Quality water is very essential for the sustainability of life, public health, and environment. The usefulness of water for any particular purpose is determined by its quality (Fetter 1990). The physical and chemical characters of any water determine its quality. Table 8 shows the statistical summary of all analyzed hydrogeochemical parameters and their comparisons with water quality standards. It was observed that apart from pH values, which most are off the allowable limits of 6.5–8.5 (indicating the waters are neutral to slightly acidic), the physicochemical parameters are generally well below the maximum allowable limits of NIS (2007) and WHO (2011) (Table 8). This indicates that the waters are good for use, based on the physical properties and chemical ionic concentrations. All the water samples in the two metropolises are classified as “desirable for drinking” based on the TDS concentration (Carrol 1962; Davis and De Wiest 1966). Likewise, on the basis of EC, 90% of the samples in Awka are excellent for drinking while 10% classed as “good” for drinking. In Nnewi, 100% of the samples are “excellent” for drinking and domestic purposes, based on EC (Langenegger 1990). However, on the basis of heavy metal concentrations, most of the groundwater samples are contaminated and hence unfit for drinking purposes. Several health problems (hazards) have been associated with heavy metal contaminated water. The hazards span from gastrointestinal disorder, kidney damage, cancer, nervous system problems, metabolism disorders, mental retardation, etc. (NIS 2007; WHO 2011).

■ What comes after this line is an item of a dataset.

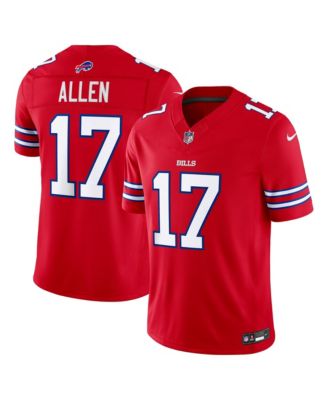 Men's Josh Allen Red Buffalo Bills Alternate Vapor F.U.S.E. Stitched Limited Jersey
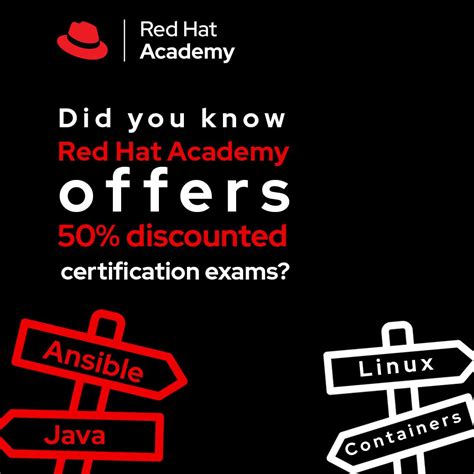 Red Hat Academy offers 50% discounted certification exams to students ...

Table 8 Statistical summary of analyzed parameters and their comparisons with water quality standards

Few samples (ABH05, NBH02, and NBH09) exceeded the 0.3 mg/L limit of iron in drinking water (Table 8). Fe is essential for the formation of hemoglobin in the red blood cells. However, excess of it in drinking water may lead to a disease called hemochromatosis while its deficiency causes anemia (Saba and Umar 2016). Likewise, few samples recorded Cu concentrations above the 0.05–01 mg/L limits. Though Cu is not entirely bad for health, its excessive occurrence in water may lead to copper poisoning. However, majority of the samples in the two metropolises have Pb concentrations exceeding the 0.01 mg/L limit of NIS and WHO. The excess occurrence of Pb can lead to lead poisoning and other associated ailments. Cd is a hazardous trace element which often leads to kidney failure and cancer, when consumed in excess. In this study, Cd concentrations in most of the samples exceeded the set limit (Table 8), thus, indicating that the consumers of these waters are predisposed to the health impacts associated to excess intake of Cd.

Conclusions

This study has examined the quality of groundwaters within and around open dumpsites in Awka and Nnewi metropolises, southeastern Nigeria. The results from the two metropolises were compared. The results reveal that the quality of many of the groundwater samples has been impacted. Some of the groundwater samples in the two metropolises were contaminated with heavy metals, possibly leached from toxic wastes in the dumpsites. However, Awka metropolis has higher pollution index than Nnewi metropolis. Based on the findings presented in this paper, the groundwaters are considered unfit for drinking purposes, but could be used for other domestic and industrial purposes which do not require them being used for food processing. Nevertheless, further studies (including biological analysis) are encouraged, as this study only presents a preliminary effort to assess the impact of the poorly managed dumpsites on the quality of groundwater supply in the study area. Also, mitigation measures should be adopted, to avert the possible pollution outbreak due to poor waste disposal/management in the duo metropolises.